The “rocking frame” he developed rocks off its foundation during large earthquakes, unlike conventional building frames that are secured to their foundations. Once the shaking has stopped, steel cables in the frame pull the building back into plumb. By minimizing damage to the building, the frame also reduces injuries to the occupants, as well as enabling people to reoccupy a building sooner after an earthquake.
The frame can be used in new buildings or added into existing steel-frame buildings being retrofitted for seismic safety.
Deierlein and Jerome Hajjar, a professor of civil and environmental engineering at Northeastern University, collaborated on the rocking frame project and will both be honored at a ceremony in New York City on Tuesday, Oct. 5, along with nine other teams or individuals who were chosen.

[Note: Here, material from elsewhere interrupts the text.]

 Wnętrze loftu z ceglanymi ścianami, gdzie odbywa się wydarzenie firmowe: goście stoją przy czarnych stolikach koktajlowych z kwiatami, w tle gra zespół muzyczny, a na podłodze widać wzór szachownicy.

In a press release announcing the award, editor-in-chief of Popular Mechanics James B. Meigs was quoted as saying that the winners were “leading the way into the future, and we’re thrilled to recognize their advances.” This is the sixth year Popular Mechanics has given the awards.
Reflecting on his award, Deierlein said, “Beyond bringing recognition to our project, I hope the award also raises awareness of the activities and contributions of many dedicated earthquake engineering researchers and practitioners who all contribute to earthquake hazard mitigation.”